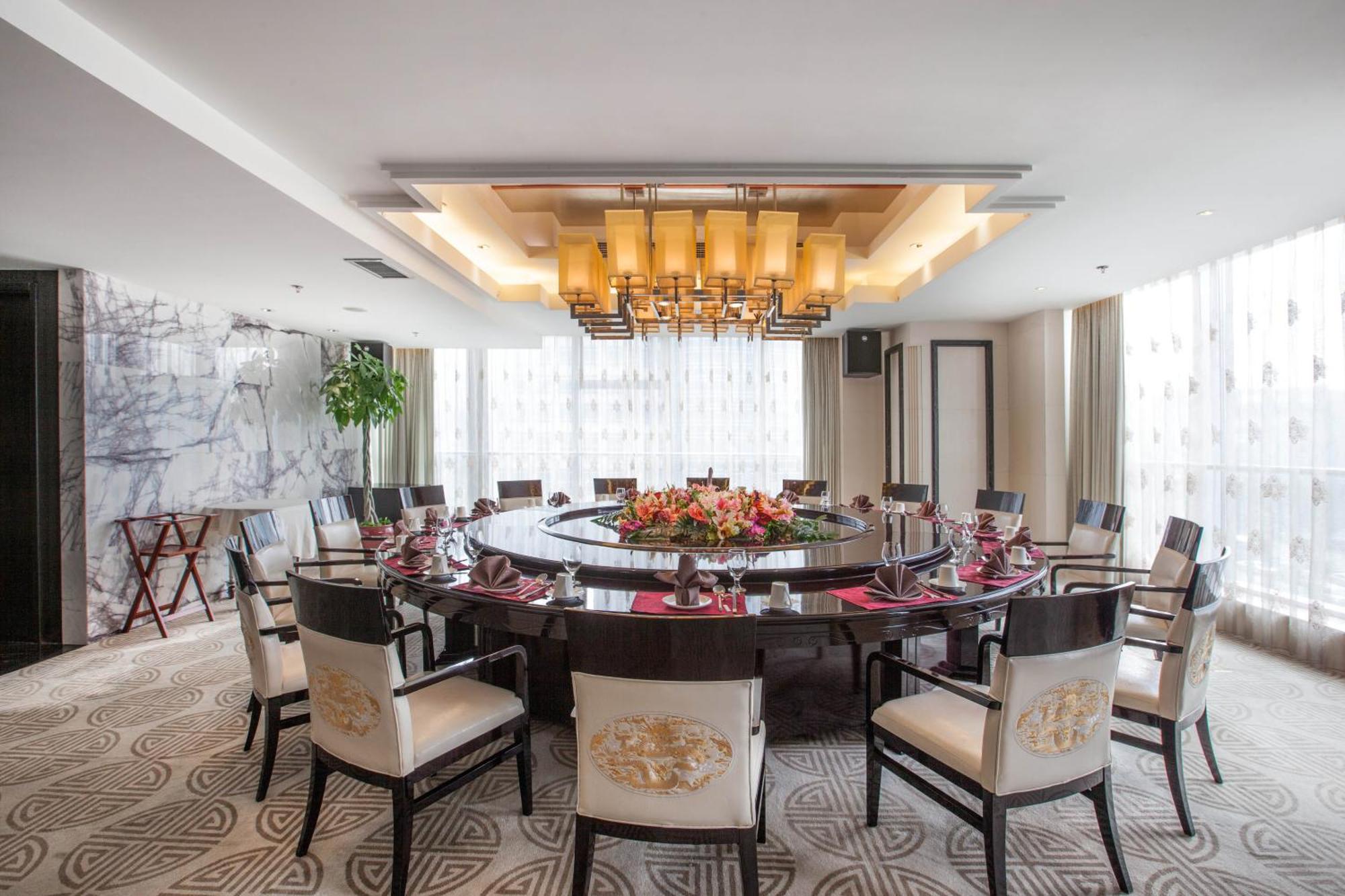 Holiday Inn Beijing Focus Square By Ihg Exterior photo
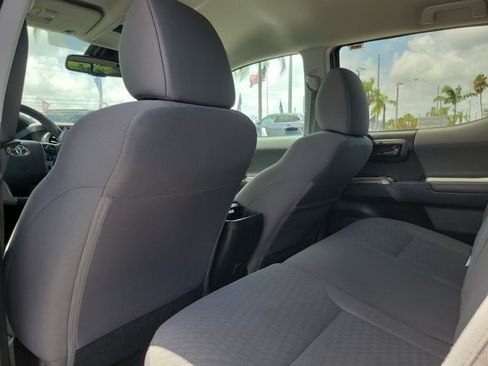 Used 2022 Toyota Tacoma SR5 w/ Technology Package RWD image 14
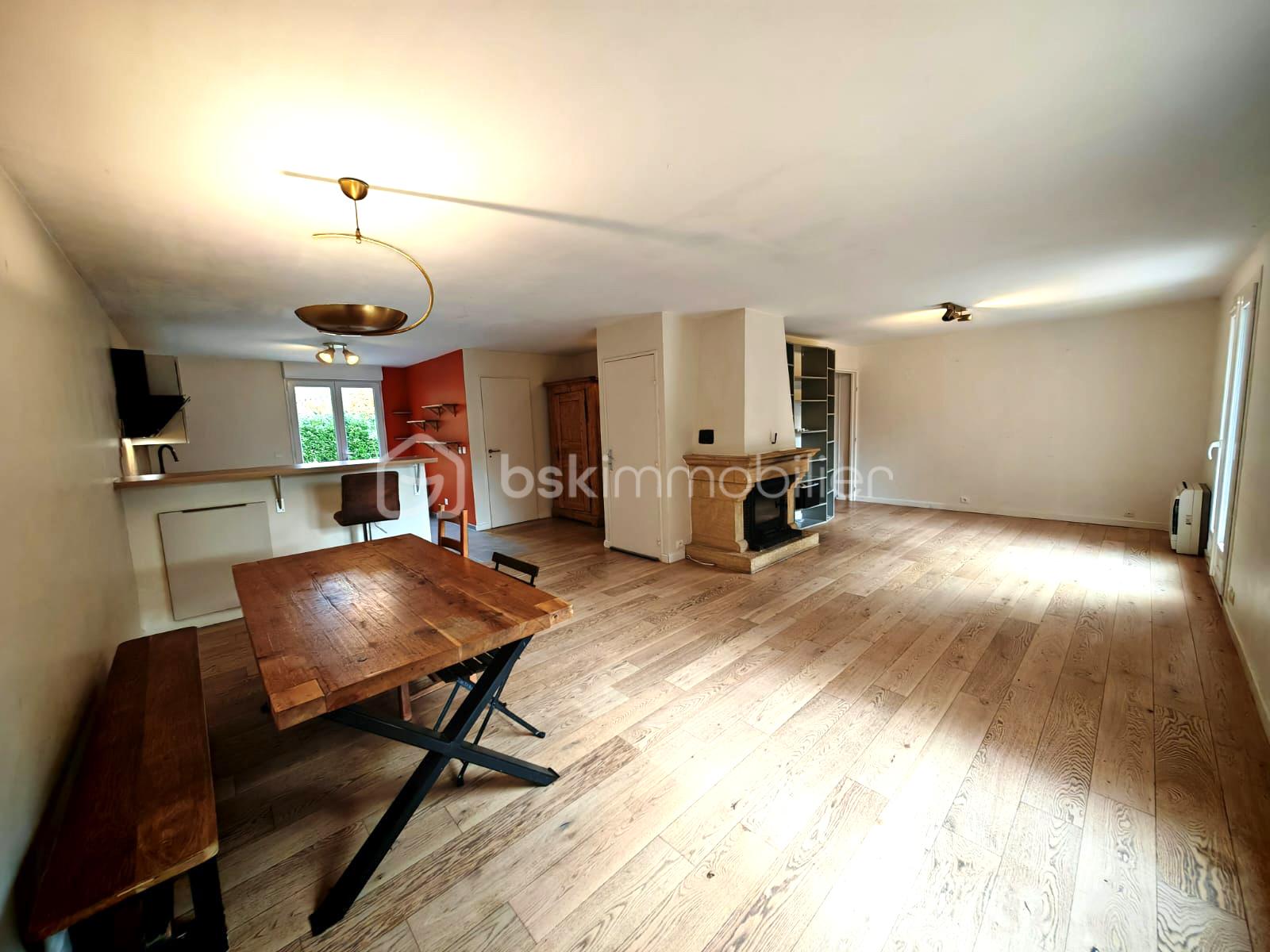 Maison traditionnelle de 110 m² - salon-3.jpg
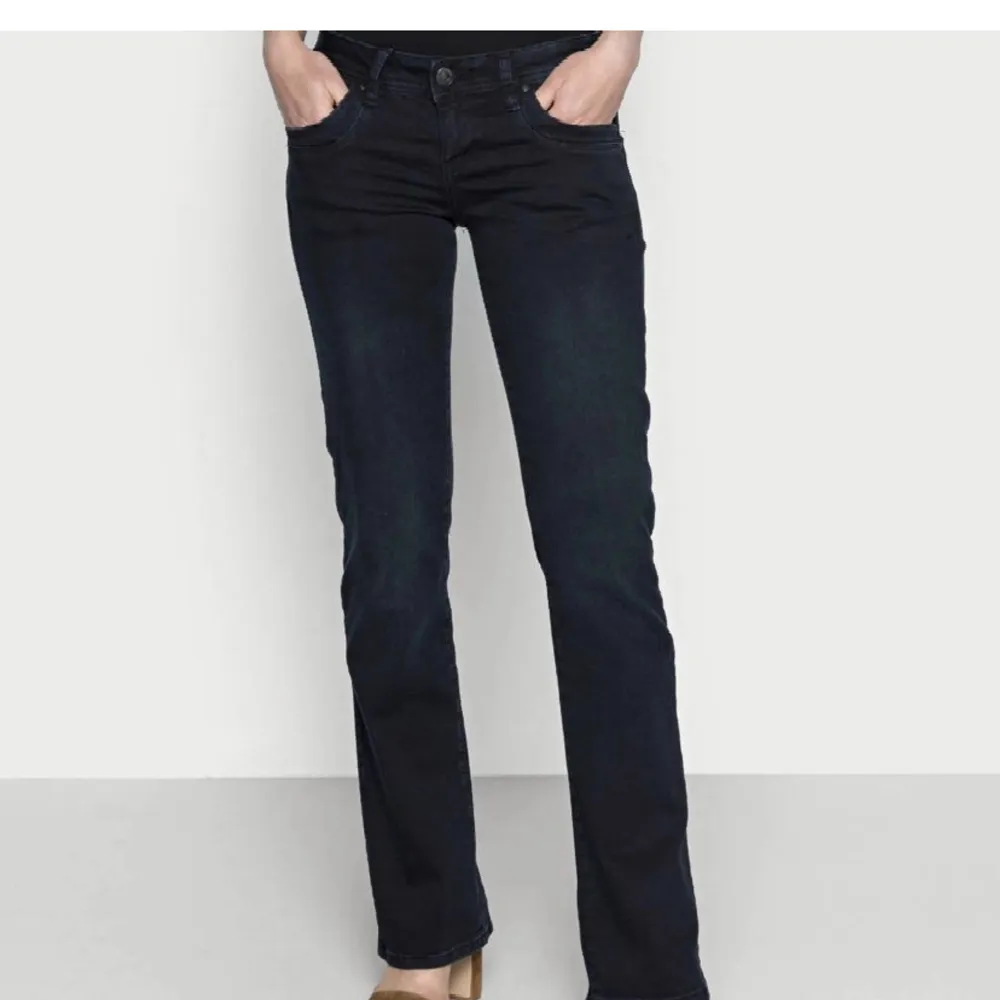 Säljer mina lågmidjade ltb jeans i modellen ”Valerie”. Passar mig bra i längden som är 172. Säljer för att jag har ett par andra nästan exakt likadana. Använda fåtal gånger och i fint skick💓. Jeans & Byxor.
= = = = =
The task
Your response must consist of the lines from the beginning of the data through the line containing "Maison traditionnelle de", transcribed exactly, with no pictures.

Response to the exercise
 Holiday Inn Beijing Focus Square By Ihg Exterior photo
 Used 2022 Toyota Tacoma SR5 w/ Technology Package RWD image 14
 Maison traditionnelle de 110 m² - salon-3.jpg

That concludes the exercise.